# Sloped Roof Overhang Issue



## o2284200 (Nov 13, 2012)

Hello,

I've got 2 sloped tile roof sections, one of which overhangs the other  by 1-2 feet.    There is a leak, which someone tried to patch  where the lower roof section meets the wall under the over hang but it's very small area to work in.   The  overhang also appears to be holding water and sagging in the middle. 

Your advise on how to handle these issues is greatly appreciated.

Thanks!


----------



## oldognewtrick (Nov 13, 2012)

Can you post a pic if the area you are talking about? A picture is worth a thousand words.


----------



## o2284200 (Nov 13, 2012)

Here are some pics, thanks!


----------



## oldognewtrick (Nov 13, 2012)

The saging appears to be from an undersized rafter that is carring to much unsupported weight. 

There should be track flashing against the wall that is covered by the top roof section. This flashing would come down verticle (behind the wall trim board), make a 90 degree angle, extend under the tile that should be left away from the wall, then have a turn up verticle. This keeps water from being forced back under the tile. There should also be kick out flashing at the fascia board. 

You should also have adaquate underlayment such as GAF Weather Watch Leak Barrier or Tamko Metal And Tile underlayment.


----------



## nealtw (Nov 13, 2012)

I'm not sure if Oldog made a suggestion there but I would consider cutting back the higher over hang to about have of what you have now as the tile are to heavy for that structure.

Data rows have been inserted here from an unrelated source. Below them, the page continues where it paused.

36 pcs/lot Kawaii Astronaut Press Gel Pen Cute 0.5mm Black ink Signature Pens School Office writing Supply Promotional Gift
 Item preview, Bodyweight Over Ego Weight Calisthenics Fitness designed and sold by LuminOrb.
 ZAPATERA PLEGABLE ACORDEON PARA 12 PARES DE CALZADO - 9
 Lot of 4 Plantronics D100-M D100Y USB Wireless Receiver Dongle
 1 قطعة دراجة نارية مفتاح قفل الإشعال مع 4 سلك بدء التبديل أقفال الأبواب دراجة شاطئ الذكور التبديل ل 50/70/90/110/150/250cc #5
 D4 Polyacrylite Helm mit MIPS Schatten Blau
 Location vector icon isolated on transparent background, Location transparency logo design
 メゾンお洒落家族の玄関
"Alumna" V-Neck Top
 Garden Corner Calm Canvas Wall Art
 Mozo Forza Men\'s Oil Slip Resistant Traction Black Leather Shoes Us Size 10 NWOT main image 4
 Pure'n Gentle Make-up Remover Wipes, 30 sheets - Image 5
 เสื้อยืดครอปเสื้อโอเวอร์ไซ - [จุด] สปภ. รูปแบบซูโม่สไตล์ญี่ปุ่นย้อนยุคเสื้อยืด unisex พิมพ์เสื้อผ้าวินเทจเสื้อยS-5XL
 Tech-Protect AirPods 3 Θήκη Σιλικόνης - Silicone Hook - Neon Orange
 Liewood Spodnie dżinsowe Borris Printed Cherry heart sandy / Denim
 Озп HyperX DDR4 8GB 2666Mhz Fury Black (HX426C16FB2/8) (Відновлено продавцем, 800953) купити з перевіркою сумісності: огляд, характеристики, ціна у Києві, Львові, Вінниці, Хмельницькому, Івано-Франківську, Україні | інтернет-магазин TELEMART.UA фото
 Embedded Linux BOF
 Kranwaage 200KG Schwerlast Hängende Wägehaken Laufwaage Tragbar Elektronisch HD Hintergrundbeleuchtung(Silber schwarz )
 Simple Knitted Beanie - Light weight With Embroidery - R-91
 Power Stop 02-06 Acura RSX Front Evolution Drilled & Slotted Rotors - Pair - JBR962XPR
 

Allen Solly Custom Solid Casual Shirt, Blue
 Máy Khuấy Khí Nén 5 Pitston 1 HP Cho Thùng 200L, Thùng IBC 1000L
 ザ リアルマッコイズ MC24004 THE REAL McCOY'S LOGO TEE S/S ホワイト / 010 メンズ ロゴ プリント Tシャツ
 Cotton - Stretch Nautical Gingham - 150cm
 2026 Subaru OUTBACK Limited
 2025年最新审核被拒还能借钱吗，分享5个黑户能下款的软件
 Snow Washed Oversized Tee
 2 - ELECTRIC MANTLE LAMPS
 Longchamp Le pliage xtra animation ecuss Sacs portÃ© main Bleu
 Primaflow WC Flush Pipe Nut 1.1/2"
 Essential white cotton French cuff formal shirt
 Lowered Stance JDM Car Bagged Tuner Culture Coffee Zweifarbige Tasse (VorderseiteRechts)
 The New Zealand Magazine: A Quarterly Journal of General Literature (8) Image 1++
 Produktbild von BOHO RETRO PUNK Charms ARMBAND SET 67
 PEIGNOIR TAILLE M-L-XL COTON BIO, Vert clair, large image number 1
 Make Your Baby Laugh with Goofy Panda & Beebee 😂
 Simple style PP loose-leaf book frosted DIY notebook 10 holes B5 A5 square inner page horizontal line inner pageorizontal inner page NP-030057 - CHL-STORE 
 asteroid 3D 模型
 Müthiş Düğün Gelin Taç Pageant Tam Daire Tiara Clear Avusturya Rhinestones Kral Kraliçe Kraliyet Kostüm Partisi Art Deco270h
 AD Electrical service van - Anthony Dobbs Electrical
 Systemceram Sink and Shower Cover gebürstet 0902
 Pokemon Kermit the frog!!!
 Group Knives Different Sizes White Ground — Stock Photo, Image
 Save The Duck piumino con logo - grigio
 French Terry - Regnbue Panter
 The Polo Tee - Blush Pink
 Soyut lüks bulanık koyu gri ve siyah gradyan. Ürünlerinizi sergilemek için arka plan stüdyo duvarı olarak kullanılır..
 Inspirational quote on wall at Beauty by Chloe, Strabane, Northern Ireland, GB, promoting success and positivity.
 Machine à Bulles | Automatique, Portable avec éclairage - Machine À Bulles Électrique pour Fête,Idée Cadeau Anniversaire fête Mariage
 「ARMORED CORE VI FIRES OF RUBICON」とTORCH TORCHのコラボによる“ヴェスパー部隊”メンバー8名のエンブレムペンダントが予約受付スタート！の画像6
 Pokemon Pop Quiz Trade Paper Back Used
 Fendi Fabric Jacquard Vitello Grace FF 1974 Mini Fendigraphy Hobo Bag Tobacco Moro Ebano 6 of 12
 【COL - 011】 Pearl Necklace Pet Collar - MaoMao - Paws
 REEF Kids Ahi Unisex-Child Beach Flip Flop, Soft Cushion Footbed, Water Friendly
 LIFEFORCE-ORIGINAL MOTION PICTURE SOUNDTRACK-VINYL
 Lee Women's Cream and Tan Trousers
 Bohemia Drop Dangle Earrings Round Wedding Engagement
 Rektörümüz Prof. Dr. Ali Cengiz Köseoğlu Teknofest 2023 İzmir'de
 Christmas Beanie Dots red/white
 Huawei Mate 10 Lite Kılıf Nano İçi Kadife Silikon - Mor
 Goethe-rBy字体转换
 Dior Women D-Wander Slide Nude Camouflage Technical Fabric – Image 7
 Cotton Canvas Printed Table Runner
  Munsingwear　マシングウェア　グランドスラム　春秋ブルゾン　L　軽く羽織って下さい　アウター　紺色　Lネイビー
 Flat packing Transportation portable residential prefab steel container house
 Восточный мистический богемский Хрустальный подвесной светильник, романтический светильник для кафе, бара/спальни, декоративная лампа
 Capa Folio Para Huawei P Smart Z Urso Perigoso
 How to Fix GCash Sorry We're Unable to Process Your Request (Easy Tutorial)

While you have that open you would have access to the lower roof and make whatever changes that are need to made there.


----------



## o2284200 (May 31, 2013)

Thanks!   What do you think of this rebuild of the overhang as well as the copper flashing job and would you leave the copper exposed or paint over it?

FWIW, my chimney guy and the sheet metal co making my new custom chimney cover/cap, both recommended I NOT have it made in copper but rather stainless steel.

BEFORE:







AFTER:





Also decided to get rid of the brick finish on the stucco chimney...Did the same to the brick finish on the first floor front of the house too...just not in this pic.


----------



## nealtw (May 31, 2013)

So you support the upper roof down to the lower roof, I hope your support landed close to a rafter in the lower roof. You will be saving a lot of weight by not tiling that area. I would still expect some movement in this area, so you stll want step flashing against the copper there. It sure looks better than it did.


----------



## oldognewtrick (May 31, 2013)

The reason they advised you to fabricate the flashings and cap out of stainless is water wash off from the copper will turn the stucco green.


----------



## o2284200 (May 31, 2013)

Thanks!  
Only the chimney cover/cap was recommended in stainless steel.  The flashing is all copper so, I'm going to have copper flashing but a stainless steel chimney cap.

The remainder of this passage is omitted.